Bowels: Do not strain when having a bowel movement. Expect irregular bowel habits until fully recovered. Increase fiber in your diet. You may need a stool softener or laxative. Do not take blood thinners or aspirin products for one week or as directed by your physician.
Activity: Take it easy for the first 48 hours after the procedure. Do not drive or operate dangerous equipment for 48 hours following anesthesia. It is important to avoid or reduce strenuous activity for four to six weeks. Light activity the first week after surgery, and then gradually increase it over the next month. Avoid strenuous exercise, heavy lifting greater than 20 pounds, bike riding, and yard work for one month, as the vibrations and movement may cause bleeding. No sexual activity for two weeks after surgery. Wearing tight jockey-type underwear is recommended for at least one week.
Catheter: You will briefly need a catheter to drain your bladder, depending upon the extent of your surgery. Wash around the catheter with soap and water and rinse well. You may shower, but avoid baths until the catheter is removed.
Diet and fluid: Avoid coffee, tea, carbonated beverages, alcoholic beverages, citrus juices, spicy foods, and smoking for the first month week following surgery. Increase your intake of fluids, particularly water -- 24-48 ounces over your usual daily fluid intake is typically recommended during the first two weeks of your recovery.

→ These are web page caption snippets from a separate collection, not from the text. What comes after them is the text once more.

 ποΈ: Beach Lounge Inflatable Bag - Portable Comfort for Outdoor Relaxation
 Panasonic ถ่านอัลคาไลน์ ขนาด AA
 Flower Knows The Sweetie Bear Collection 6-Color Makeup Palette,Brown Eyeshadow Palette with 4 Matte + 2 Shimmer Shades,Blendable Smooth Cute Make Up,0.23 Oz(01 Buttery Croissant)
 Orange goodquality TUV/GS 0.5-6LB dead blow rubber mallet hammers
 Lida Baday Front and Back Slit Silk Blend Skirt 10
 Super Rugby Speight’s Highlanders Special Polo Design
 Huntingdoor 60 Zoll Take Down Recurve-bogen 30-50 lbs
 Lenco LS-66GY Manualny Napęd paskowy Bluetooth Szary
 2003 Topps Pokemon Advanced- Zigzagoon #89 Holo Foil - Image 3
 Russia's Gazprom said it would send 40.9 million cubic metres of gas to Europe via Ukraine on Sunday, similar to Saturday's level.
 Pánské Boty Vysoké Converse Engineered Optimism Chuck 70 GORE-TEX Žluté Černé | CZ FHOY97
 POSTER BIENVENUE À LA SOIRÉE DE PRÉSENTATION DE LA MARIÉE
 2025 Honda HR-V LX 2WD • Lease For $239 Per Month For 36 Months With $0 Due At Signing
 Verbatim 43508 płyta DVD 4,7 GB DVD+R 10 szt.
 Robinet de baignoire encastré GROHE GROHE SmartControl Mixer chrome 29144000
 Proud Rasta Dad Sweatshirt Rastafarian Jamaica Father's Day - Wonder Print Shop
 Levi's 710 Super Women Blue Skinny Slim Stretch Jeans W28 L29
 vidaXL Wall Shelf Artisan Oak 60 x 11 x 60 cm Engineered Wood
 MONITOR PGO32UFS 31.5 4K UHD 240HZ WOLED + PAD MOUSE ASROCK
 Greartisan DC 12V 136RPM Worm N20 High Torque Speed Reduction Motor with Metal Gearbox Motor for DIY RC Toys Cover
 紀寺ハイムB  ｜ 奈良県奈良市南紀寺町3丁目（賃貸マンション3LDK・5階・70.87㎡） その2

Expected signs and symptoms
You may experience swelling or bruising around the incisions, and this is temporary. You may experience some mild burning and discomfort during urination. This is normal and should subside in one to four weeks.
Usually, Dr. Tony Nimeh or his staff will communicate to you a desired follow-up time frame. Please call us the day after the procedure to verify a time to see us in the office. We will plan to activate the artificial urinary sphincter device a few weeks after the swelling has gone down, and show you how to appropriately use the device.
Time to celebrate! Once your artificial urinary sphincter is activated, you’re on the road to recovery. Just as you won’t run right after knee surgery, have patience as you gradually heal from surgery. Immediately after your device is activated, you will notice that you will be much drier than before. How dry you become is largely dependent on how severe symptoms were prior to surgery. Good news is that you’ll be happy that you chose surgery, just be patient with your road to recovery.